Posted on February 17, 2022 at 5:28 pm

B +
Lowest Recommended Age: Middle School
MPAA Rating: Rated PG-13 for violence/action and language
Profanity: Strong language, several s-words
Alcohol/ Drugs: Alcohol, scenes in a bar
Violence/ Scariness: Extended action/video-game style violence, many characters injured and killed
Diversity Issues: None
Date Released to Theaters: February 18, 2022
Date Released to DVD: May 9, 2022

Copyright 2022 Sony
Uncharted” is most likely exactly as good as you hope it will be, and I say that as someone who hoped it was going to be a chases and stunts movie that was fun to watch. It achieves the primary goal of based-on-a-video-game movies, which is that the non-stunts parts like storyline and character don’t get in the way of the stunts parts, which are the reason we are there. There is just enough story and character to add enough emotion to the stunts to take the place of the engagement we feel when we are controlling part of the game.

It helps a lot that the two characters we are supposed to root for and identify with are played by Mark Wahlberg as Sully and Tom Holland as Nate, who bring their established star quality and connection to the audience to fill out the thinly drawn characters they are playing. Holland really takes over as a full-on action hero, even more than he is able to in the Spider-Man movies because there is no mask; he has to act his way through all of the action scenes and did I mention that the stunts are truly wild?

“Uncharted” begins with a “Fast and Furious”-level action scene that is absolutely bonkers. Huge chained-together cargo bundles are hanging out of a plane and Nate is hanging from one of them by a foot caught in the strap until he isn’t, and falls or jumps from one bundle to the other as bad guys are shooting at him and, yes, a fire-engine red sports car comes driving out of the cargo hold, which, let me remind you, is still in the back of a plane that is in the actual, okay green-screen but it looks actual, sky.

It’s the classic MacGuffin: lost pirate treasure.

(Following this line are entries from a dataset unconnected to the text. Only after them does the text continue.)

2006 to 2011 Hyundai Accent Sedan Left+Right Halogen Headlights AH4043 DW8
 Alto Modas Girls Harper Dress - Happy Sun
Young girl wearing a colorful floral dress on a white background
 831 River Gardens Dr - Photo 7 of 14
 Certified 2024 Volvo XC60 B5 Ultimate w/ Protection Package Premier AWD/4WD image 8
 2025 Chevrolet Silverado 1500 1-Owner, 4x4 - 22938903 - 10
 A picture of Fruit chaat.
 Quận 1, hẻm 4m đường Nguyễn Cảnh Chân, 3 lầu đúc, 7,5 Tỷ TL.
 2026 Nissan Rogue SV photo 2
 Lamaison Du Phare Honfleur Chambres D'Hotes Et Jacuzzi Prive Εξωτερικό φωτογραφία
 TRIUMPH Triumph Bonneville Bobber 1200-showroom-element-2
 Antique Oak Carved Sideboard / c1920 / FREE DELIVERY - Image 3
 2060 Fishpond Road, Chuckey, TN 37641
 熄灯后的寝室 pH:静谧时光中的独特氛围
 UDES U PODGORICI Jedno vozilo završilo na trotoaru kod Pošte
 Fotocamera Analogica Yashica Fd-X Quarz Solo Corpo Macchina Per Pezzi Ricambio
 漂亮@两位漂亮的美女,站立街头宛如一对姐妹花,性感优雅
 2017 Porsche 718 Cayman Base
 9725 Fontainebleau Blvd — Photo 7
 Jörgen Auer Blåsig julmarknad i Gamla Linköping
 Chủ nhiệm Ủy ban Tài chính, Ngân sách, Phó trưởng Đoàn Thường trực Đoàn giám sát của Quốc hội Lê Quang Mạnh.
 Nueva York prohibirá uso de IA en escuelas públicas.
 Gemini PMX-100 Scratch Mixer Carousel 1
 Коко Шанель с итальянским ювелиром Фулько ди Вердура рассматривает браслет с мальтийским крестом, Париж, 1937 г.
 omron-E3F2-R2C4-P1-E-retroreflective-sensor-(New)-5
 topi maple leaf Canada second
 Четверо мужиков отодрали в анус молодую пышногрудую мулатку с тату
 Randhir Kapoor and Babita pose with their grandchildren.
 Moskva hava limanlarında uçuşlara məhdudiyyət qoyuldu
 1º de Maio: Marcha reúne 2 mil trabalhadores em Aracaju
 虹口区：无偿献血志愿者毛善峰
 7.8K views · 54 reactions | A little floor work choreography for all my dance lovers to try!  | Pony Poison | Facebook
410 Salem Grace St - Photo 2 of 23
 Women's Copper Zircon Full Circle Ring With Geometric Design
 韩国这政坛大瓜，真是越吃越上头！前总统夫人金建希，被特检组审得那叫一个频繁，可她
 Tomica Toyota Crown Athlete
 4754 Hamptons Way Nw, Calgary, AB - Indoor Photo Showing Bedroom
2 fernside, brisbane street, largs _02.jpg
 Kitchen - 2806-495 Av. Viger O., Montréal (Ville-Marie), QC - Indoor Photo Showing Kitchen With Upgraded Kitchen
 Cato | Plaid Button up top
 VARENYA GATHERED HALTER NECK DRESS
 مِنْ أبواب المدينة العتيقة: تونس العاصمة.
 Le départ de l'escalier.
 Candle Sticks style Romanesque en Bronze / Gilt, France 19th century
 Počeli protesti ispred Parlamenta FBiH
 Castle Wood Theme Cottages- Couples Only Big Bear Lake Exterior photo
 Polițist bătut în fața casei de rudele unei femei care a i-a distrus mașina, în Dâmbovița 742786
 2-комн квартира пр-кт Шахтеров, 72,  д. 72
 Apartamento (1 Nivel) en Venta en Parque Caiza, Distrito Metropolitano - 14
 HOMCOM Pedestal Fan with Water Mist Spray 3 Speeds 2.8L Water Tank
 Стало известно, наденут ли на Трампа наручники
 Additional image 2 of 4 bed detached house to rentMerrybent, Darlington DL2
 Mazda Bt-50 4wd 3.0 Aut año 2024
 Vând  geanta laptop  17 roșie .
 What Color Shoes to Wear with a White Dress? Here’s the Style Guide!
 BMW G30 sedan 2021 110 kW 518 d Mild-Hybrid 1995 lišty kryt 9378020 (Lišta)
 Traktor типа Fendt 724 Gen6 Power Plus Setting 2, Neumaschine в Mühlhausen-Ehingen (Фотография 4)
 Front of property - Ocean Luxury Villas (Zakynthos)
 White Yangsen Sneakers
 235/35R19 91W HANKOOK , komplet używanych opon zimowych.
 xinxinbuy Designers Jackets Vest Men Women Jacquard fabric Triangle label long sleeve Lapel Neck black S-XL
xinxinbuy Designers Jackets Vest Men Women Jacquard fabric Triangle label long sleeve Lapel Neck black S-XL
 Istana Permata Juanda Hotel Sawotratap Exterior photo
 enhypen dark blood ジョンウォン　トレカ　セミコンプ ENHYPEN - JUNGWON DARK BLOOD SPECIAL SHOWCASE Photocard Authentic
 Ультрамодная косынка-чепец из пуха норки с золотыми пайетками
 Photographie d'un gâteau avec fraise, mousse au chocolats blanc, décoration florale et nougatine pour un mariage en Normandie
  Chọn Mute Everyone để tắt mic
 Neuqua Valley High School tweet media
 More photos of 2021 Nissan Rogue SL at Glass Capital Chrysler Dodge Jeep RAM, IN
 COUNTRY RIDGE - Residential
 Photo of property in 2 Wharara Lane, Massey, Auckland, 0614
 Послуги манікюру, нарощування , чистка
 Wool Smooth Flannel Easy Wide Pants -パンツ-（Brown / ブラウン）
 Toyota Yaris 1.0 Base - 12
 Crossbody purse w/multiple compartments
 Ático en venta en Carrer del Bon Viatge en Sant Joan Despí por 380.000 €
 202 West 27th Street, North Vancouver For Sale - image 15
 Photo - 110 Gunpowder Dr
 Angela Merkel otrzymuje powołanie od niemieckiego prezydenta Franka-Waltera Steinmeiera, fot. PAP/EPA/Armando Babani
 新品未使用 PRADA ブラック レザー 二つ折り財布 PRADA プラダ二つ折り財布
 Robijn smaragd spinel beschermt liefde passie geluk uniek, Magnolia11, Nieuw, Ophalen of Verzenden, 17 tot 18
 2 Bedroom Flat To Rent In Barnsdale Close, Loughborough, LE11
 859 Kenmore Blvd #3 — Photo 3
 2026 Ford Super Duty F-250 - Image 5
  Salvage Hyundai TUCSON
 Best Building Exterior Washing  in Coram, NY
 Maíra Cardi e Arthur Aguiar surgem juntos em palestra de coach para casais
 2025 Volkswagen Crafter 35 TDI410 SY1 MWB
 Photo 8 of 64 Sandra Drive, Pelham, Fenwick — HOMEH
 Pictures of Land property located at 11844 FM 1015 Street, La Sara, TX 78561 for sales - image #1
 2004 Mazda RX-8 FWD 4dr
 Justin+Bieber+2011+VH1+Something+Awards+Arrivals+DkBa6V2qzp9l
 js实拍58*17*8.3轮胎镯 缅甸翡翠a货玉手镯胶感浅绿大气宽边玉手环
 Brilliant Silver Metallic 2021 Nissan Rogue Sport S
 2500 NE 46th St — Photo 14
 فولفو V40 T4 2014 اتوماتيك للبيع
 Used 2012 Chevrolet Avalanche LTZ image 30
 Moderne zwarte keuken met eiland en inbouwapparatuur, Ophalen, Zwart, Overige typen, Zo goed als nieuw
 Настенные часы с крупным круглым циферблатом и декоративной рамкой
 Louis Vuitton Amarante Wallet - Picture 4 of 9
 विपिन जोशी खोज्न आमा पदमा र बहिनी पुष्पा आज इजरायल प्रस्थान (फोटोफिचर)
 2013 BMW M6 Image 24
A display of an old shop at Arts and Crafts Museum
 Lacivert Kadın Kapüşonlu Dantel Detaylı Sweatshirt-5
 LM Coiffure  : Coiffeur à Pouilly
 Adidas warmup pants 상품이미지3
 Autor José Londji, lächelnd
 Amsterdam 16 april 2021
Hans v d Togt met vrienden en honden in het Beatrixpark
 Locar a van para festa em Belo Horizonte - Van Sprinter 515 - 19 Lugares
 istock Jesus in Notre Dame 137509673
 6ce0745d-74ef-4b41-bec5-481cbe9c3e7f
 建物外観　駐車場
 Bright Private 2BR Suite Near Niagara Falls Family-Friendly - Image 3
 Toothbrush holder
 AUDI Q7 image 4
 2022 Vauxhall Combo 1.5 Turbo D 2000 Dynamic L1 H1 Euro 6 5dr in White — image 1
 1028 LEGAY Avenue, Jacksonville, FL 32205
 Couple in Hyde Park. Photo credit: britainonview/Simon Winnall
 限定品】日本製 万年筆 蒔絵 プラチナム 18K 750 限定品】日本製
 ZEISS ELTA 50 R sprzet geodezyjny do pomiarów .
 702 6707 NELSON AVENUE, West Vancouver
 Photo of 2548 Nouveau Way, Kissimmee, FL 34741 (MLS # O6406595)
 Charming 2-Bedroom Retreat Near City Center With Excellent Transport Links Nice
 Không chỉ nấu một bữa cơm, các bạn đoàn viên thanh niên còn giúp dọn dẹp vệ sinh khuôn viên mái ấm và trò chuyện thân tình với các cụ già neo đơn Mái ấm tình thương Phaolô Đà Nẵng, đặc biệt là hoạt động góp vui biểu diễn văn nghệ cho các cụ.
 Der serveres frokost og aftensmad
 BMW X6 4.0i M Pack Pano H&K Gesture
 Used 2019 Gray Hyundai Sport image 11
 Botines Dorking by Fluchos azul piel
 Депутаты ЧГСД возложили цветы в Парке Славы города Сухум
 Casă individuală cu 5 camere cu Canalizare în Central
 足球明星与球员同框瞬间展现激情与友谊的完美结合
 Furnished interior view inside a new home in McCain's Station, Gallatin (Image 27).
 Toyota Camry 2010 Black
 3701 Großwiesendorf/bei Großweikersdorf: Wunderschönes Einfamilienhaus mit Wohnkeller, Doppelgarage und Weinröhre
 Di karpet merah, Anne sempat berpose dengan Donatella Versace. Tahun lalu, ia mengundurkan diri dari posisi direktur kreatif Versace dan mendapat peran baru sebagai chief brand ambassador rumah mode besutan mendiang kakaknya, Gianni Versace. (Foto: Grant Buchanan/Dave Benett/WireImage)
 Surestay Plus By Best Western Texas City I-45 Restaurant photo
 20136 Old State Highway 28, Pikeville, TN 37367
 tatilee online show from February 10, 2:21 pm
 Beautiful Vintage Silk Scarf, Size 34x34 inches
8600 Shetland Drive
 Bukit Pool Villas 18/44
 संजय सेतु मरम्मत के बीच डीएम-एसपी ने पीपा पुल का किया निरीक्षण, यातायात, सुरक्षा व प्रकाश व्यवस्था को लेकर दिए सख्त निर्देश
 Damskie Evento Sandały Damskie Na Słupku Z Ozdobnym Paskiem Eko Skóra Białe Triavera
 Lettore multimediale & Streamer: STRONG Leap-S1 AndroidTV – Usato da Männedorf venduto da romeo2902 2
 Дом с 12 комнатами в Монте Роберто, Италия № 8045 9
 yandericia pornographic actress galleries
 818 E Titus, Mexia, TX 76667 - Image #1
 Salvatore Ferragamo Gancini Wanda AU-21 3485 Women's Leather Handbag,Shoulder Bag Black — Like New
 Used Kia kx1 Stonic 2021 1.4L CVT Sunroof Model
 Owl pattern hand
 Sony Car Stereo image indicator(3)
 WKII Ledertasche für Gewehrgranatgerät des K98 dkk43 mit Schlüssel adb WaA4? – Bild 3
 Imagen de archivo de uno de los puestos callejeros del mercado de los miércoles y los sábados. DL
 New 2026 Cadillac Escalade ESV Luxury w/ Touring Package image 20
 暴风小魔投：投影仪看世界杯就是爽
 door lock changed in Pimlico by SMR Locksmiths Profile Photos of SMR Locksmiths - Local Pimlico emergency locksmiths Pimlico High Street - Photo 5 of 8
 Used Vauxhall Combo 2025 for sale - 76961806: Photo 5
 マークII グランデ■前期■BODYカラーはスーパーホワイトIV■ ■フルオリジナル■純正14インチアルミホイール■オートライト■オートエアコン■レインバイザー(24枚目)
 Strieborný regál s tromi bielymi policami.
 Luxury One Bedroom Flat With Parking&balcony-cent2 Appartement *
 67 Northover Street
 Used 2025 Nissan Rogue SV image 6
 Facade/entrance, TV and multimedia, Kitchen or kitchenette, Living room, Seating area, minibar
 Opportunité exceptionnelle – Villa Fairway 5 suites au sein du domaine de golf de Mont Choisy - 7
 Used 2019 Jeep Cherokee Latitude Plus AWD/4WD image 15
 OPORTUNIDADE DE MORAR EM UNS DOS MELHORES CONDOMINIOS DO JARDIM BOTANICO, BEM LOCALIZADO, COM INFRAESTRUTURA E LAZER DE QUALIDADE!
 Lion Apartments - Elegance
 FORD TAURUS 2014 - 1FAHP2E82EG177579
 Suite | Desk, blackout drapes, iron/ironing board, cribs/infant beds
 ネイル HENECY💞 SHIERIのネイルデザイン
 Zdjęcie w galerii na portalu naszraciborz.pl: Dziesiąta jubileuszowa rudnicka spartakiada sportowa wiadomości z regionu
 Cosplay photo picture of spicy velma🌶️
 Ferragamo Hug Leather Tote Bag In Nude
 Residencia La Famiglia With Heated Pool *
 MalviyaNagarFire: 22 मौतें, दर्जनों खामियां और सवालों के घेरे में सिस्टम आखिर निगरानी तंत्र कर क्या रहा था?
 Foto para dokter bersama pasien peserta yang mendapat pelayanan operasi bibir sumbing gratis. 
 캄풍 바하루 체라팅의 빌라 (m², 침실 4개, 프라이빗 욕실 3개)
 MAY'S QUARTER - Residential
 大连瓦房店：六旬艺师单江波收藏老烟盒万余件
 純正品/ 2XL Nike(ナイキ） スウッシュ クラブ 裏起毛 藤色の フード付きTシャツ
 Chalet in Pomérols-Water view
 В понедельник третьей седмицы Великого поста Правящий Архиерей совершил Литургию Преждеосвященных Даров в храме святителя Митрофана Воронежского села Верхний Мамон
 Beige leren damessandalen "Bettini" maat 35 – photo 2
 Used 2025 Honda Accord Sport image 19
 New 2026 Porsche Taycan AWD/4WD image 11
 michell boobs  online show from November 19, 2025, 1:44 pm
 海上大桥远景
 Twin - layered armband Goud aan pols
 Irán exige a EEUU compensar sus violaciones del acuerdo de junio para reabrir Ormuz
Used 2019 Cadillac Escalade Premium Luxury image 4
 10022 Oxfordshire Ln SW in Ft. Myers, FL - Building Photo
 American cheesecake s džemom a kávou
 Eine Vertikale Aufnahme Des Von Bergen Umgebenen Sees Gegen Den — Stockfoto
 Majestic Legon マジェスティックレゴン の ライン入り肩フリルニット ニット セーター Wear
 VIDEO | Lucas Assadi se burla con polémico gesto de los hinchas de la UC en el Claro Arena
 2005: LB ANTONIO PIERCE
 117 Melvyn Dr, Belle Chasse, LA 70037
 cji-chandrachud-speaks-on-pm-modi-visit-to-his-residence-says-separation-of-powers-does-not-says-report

We don’t need to know anything else. We’re on board. Literally; pirate ships are involved and made to do things their builders could never have anticipated. There are objects that must be retrieved in order to find and access it. And there are people who team up and sometimes un-team up and sometimes fight each other to get it. That’s the storyline.

But mostly, there are some wild stunts, on land, water, and in the air. There are nods to (barely disguising lifts from) Indiana Jones, the “Fast and Furious” and “National Treasure” and “Pirates of the Caribbean” series, but hey, this is a movie where the heroes are thieves, so steal from the best. There are villains, meaning people who also want the treasure and are willing to take more extreme measure to get it. There is something between retaliation and revenge, the oldest of them all: “You killed my brother.”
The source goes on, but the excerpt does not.